Reputation: 8554
I have a table like this:
col1 col2
ben US-US-Uk
Man Uk-NL-DE
bee CA-CO-MX-MX
how can I unique the values in col 2, which means have a table like this?
col1 col2
ben US-Uk
Man Uk-NL-DE
bee CA-CO-MX
I have tried this :
a.cc.str.split('-').unique()
but get the following error:
TypeError: unhashable type: 'list'
Does anybody know how to do this?
Upvotes: 1
Views: 1561
Reputation: 22463
I like @EdChum's answer. But reordering the values is disconcerting. It can make both human visual inspections and mechanical comparisons more difficult.
Unfortunately, Python doesn't have an ordered set, which would be the perfect tool here. So:
def unique(items):
"""
Return unique items in a list, in the same order they were
originally.
"""
seen = set()
result = []
for item in items:
if item not in seen:
result.append(item)
seen.add(item)
return result
df.col2 = df.col2.apply(lambda x: '-'.join(unique(x.split('-'))))

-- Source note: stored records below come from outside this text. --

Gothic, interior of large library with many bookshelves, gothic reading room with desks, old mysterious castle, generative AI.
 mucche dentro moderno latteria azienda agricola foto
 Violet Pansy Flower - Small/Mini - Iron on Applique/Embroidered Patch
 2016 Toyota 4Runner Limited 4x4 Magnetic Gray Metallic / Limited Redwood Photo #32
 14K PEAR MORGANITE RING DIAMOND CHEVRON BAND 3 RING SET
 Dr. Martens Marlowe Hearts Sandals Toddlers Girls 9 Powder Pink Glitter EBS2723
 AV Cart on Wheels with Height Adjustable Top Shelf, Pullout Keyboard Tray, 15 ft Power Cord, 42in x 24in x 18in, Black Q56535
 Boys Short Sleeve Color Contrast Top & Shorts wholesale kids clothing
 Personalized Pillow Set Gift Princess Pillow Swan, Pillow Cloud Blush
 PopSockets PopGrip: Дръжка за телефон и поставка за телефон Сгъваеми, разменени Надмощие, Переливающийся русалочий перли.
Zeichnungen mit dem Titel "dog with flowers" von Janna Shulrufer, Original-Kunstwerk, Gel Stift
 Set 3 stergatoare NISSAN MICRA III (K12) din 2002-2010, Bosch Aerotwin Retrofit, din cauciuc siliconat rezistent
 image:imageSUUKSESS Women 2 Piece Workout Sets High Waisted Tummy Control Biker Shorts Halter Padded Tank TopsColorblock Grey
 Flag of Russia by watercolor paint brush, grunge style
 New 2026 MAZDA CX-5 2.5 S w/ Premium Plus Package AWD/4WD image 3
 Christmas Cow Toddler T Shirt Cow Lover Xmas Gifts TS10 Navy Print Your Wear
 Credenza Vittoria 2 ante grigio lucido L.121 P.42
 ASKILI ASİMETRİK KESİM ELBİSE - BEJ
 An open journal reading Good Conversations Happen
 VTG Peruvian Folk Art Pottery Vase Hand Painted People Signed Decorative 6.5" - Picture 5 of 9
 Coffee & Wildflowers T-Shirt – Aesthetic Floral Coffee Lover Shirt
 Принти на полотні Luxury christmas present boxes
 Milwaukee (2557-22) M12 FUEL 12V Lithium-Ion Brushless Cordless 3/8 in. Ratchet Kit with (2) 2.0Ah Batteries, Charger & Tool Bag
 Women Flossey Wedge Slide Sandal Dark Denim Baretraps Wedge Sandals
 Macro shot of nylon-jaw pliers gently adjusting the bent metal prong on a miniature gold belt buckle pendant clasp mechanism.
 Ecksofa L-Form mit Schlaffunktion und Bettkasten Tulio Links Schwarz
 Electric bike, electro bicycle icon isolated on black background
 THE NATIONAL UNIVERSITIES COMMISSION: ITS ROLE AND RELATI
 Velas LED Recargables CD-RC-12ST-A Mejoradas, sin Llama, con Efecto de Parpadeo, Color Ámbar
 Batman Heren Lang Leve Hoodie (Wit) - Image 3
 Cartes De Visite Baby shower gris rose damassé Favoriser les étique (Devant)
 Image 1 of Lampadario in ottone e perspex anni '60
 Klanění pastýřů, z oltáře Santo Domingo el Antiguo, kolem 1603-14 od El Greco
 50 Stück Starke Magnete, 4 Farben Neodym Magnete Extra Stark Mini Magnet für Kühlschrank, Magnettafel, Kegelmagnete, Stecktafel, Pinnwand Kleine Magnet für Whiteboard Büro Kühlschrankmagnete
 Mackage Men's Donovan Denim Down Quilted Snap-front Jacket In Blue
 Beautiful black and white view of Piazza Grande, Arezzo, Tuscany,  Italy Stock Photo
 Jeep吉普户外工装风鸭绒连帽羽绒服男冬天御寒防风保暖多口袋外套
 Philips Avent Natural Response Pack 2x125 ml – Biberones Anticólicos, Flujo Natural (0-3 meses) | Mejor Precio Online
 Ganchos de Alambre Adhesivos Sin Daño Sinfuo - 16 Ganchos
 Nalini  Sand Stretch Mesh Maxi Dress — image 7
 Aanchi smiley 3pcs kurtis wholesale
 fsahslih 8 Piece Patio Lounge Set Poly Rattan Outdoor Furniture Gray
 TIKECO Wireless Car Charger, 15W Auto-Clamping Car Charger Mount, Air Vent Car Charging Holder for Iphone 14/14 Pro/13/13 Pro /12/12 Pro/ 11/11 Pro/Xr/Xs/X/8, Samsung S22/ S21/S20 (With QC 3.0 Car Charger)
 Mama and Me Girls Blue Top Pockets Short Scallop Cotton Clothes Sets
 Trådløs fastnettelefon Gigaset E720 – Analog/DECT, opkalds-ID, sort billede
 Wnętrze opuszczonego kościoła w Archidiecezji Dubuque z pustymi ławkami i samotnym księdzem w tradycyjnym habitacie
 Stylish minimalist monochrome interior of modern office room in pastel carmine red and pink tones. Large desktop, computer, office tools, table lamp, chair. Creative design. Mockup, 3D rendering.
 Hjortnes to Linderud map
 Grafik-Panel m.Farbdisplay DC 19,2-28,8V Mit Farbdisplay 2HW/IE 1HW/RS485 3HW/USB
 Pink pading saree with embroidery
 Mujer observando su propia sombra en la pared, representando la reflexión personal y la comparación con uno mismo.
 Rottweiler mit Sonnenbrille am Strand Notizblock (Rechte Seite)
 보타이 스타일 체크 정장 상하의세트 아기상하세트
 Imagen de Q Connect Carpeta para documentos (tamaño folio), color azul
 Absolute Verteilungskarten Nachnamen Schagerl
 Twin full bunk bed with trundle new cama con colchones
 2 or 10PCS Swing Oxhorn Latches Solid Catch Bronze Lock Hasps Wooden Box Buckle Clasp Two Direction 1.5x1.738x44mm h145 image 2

An alternative way of creating an ordered set is with OrderedDict
:
from collections import OrderedDict
def u2(items):
od = OrderedDict.fromkeys(items)
return list(od.keys())
You can then use u2
instead of unique
. Either way, the results are:
col1 col2
0 ben US-Uk
1 Man Uk-NL-DE
2 bee CA-CO-MX
Upvotes: 2
Reputation: 394099
You can use apply
to call a lambda function that splits the string and then joins on the unique values:
In [10]:
df['col2'] = df['col2'].apply(lambda x: '-'.join(set(x.split('-'))))
df
Out[10]:
col1 col2
0 ben Uk-US
1 Man Uk-NL-DE
2 bee CA-CO-MX
Another method:
In [22]:
df['col2'].str.split('-').apply(lambda x: '-'.join(set(x)))
Out[22]:
0 Uk-US
1 Uk-NL-DE
2 CA-CO-MX
Name: col2, dtype: object
timings
In [24]:
%timeit df['col2'].str.split('-').apply(lambda x: '-'.join(set(x)))
%timeit df['col2'] = df['col2'].apply(lambda x: '-'.join(set(x.split('-'))))
1000 loops, best of 3: 418 µs per loop
1000 loops, best of 3: 246 µs per loop
Upvotes: 2
Reputation: 3092
Try this
col2 = 'CA-CO-MX-MX'
print '-'.join(set(col2.split('-')))
Upvotes: 1